Your task: Return the entries verbatim and drop every picture.

Entries supplied:
+++

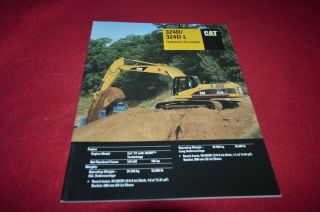 Caterpillar 324d 324d L Hydraulic Excavator Brochure Dcpa14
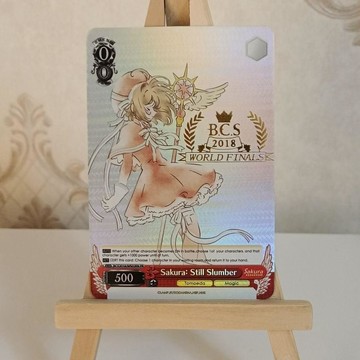 【動漫周邊】免運 非官方 魔卡少女櫻 BCS大獎賽 精品閃卡
折光彩閃工藝
86*59MM尺寸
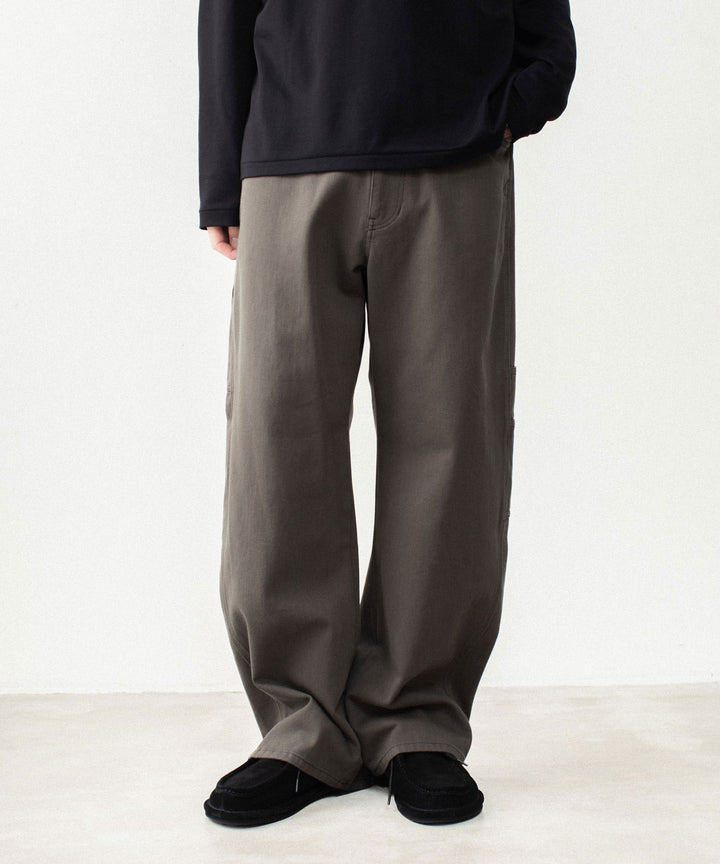 ATTACHMENT アタッチメントのCO NIDOM CLOTH BALLOON WIDE PAINTER PANTS - D.KHAKIの公式通販サイトsession福岡セレクトショップ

+++

Exercise answer:
 Caterpillar 324d 324d L Hydraulic Excavator Brochure Dcpa14
 【動漫周邊】免運 非官方 魔卡少女櫻 BCS大獎賽 精品閃卡
折光彩閃工藝
86*59MM尺寸
 ATTACHMENT アタッチメントのCO NIDOM CLOTH BALLOON WIDE PAINTER PANTS - D.KHAKIの公式通販サイトsession福岡セレクトショップ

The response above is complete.